# Dummies Guide to Overtraining



## MONSTER4X4 (Jul 9, 2002)

Ok...I guess that title will have to do.  Here are my fat stats:

Height: 5'7
Weight: 219 lbs
Waist: 38 in (supa fat, I know damn thing keeps growing)
Chest: 47.5 in (lat spread, cold)
Arms: 16.75 in (flexed, cold)
Quads: 28 in (flexed, cold)
Calves: 17 in (flexed, cold)

My obvious goal is to lose bodyfat while maintaining my lean mass as much as possible.

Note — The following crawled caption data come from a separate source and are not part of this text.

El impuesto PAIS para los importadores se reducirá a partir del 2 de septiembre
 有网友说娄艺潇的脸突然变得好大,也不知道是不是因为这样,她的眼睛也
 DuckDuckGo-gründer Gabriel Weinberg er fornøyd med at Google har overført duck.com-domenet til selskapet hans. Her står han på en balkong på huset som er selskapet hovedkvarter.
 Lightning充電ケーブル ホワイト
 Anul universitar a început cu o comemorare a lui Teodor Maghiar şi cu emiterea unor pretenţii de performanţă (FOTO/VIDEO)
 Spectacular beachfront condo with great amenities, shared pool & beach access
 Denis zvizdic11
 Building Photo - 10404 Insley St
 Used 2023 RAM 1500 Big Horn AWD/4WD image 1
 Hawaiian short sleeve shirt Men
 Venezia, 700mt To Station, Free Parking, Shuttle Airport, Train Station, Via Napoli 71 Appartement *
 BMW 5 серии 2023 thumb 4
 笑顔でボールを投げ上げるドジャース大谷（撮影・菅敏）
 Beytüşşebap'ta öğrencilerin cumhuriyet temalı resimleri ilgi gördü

My workouts are currently set up like this:
Monday: Quads
Tuesday: Morning Cardio (45 mins, 70% MHR), Evening Chest
Wednesday: OFF
Thursday: Morning Cardio (45 mins, 70% MHR), Evening Back
Friday: Morning Cardio (45 mins, 70% MHR), Evening Shoulders
Saturday: Arms, Hams, and Calves

I use free weights as much as possible and sometimes mix in a machine or two for a different feel.  I've grown fond of the elliptical machine for my cardio because its easier to maintain my heart rate without feeling overwhelmed.  

My current diet consists of mainly lean beef (eye of round or top round with most fat removed before cooking), skinless chicken breasts, tuna, salmon, Kidney or pinto beans, whole oats, sugary instant oatmeal for post workout, some form of whole grain box cereal for breakfast, natural peanut butter, walnuts, cheese, and skim milk.

My supplements include: ISS Research Super Vitamin Paks, AST glutamine, Optimum Nutrition Creatine, Vitamin E & C, Acidophillus, Flax oil, some form of blended protien powder (currently VPX Micellean), and a fast absorbing whey for post workout.  I have ISS Research Zenotrope (fat burner) in my cabinet ready to go, but I'm hesitant to start taking it because my bf% is high in the neighborhood of 18-20%, I think.

My current maintenance requirement is at 3700 cals/day.  I know that is pretty high and I'll probably cut it today because I've been at that calorie level for 6 weeks and I'm starting to put on weight again.  I'm probably going to cut it to 3400 cals.  My current macros are 45p/35c/20f.  I drink about a gal of water daily.

For my workouts I'll document them like this:
Exercise: reps/weight

Any suggestions so far?

jeff


----------



## MONSTER4X4 (Jul 9, 2002)

Yesterday morning was leg day and this is how it went.  I replaced my usual leg press for hacks.

Cybex Leg Extensions (warmup): 20/75, 15/75

Barbell Squats (to parallel): 12/185, 12/275, 10/315, 10/315

Hack Squats: 15/90, 15/180, 15/270 (weights are plates only not including sled)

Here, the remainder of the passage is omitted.